**What to work on**
Could you copy exactly the lines below from the one with "ĐÈN PHA MERCEDES GLC300 2018" to the one with "Cloudheim (PS5)", inclusive, leaving out any pictures?

**Extracted information**
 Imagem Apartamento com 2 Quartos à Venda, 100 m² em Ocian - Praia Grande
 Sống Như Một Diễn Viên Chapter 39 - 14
...
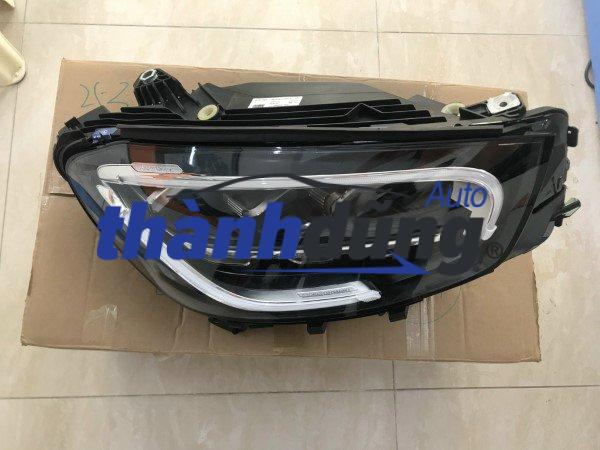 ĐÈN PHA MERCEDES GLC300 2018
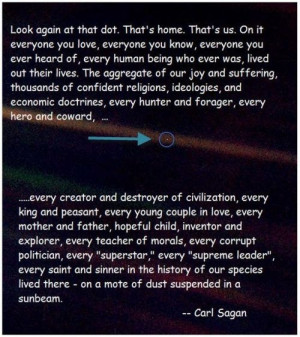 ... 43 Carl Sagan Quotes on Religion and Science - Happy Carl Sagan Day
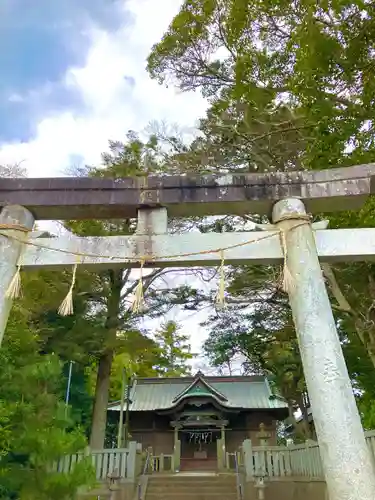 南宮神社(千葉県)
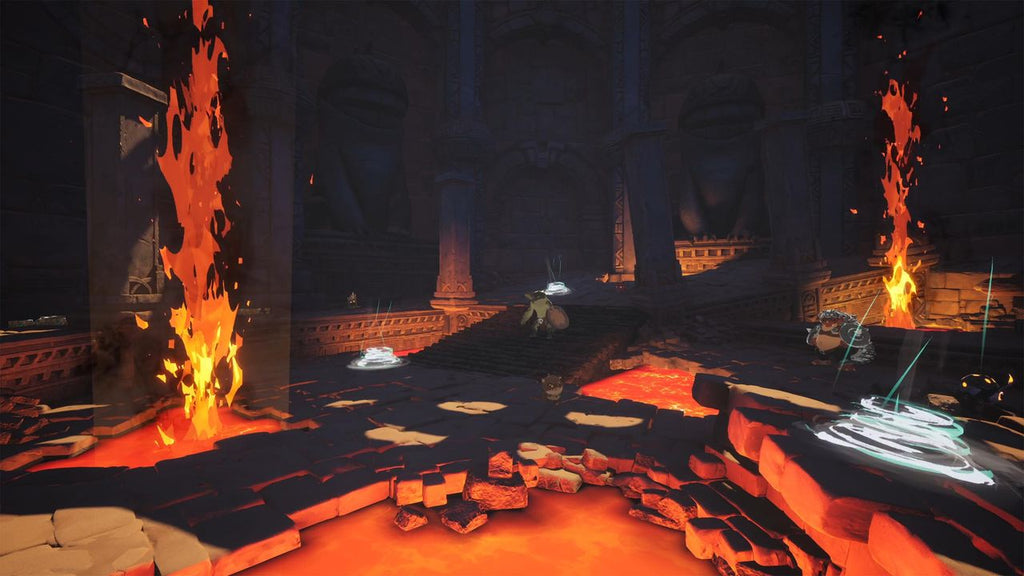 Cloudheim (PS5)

**Answer to this problem**
 ĐÈN PHA MERCEDES GLC300 2018
 ... 43 Carl Sagan Quotes on Religion and Science - Happy Carl Sagan Day
 南宮神社(千葉県)
 Cloudheim (PS5)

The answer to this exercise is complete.